The one-day conference was held to present a plan for a climate-resilient recovery, and raise continued assistance from the public and private sectors, shaping up to be a test case for having large emitters pay loss and damages for smaller emitters bearing the brunt of climate change. For now, Younus notes that they’re just pledges; it might be months until the funds materialize, and they’re likely to be allocated towards specific reconstruction plans.

When a deal might be reached “is anyone’s guess,” according to Younus. Pakistan has been in a deadlock with the IMF over $1.1 billion in funding since last September. The country’s army chief, General Syed Asim Munir, recently visited the UAE and Saudi Arabia in the hopes of securing additional loans from them.

The funds were dependent on various conditions—such as raising energy prices and taxes—which the Pakistani government has yet to meet. On his way out the door last April following a vote of no confidence, former Prime Minister Khan subsidized energy prices, just as the war in Ukraine was causing sharp increases in energy prices worldwide. “He was basically laying a minefield for the incoming government.”

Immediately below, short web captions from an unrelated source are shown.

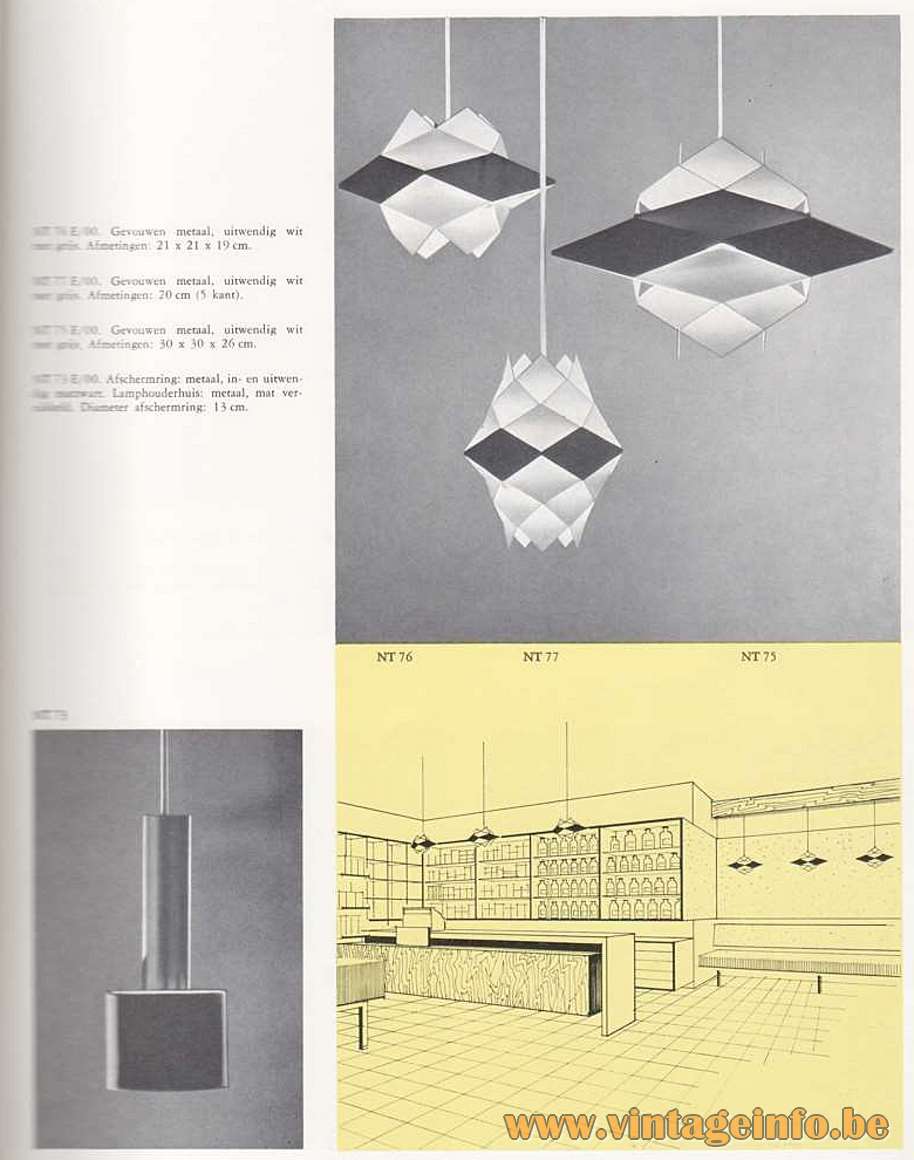 Preben Dal Symfoni Pendant Lamp metal diamonds HF Belysning A/S Denmark 1960s MCM Catalogue picture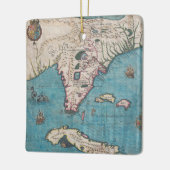Antiek kaart van Florida en Cuba Keramisch Ornament (Links)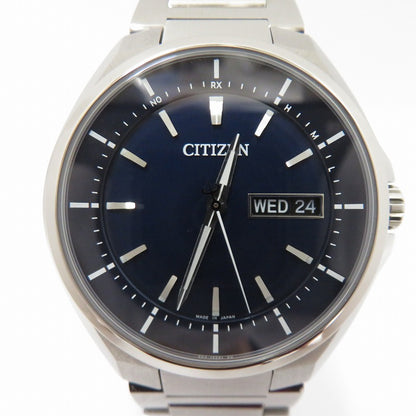 CITIZEN | シチズン ATTESA アナログ 電波ソーラー 腕時計 AT6050-54L シルバー 文字盤ネイビー【瀬戸大橋店】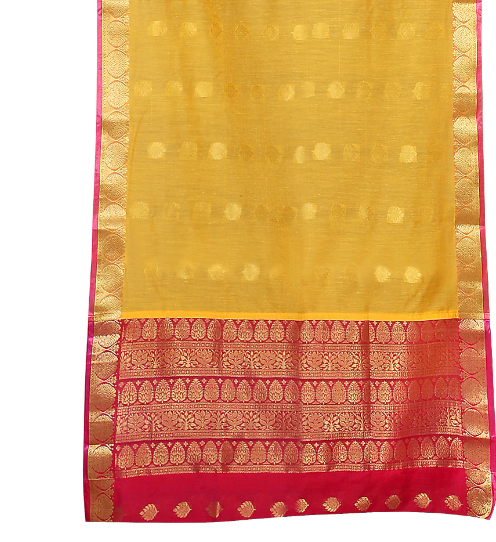 Yellow sari rod pocket curtains hung at a window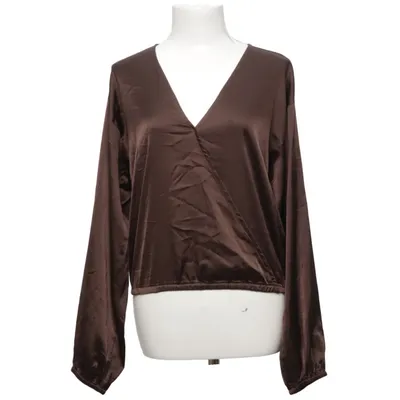 Slå-om bluse (Brun) fra Frakment Elastan, Polyester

With elections on the horizon this August (or possibly earlier, as Khan’s Tehreek-e-Insaf party is pushing to dissolve provincial assemblies in a bid for earlier elections), the government is unwilling to make any moves that might put them out of favor with voters. “A political party that is in power would not want to impose upward adjustments of prices and more inflation in the run up to an election.” says Younus. “Why inflict more pain on your citizens?”

In the meantime, Younus says, routines and decisions once considered mundane have become a lot more difficult. “You hear stories from doctors beginning to see adult malnutrition in adults who have given up two meals a day. You hear from teachers in schools saying that parents come and say ‘I have four children, can you tell me which one to keep in school? I cannot afford to pay the school fees for the other three.’”

“People cannot make ends meet,” Younus says. “Life is unbearable.”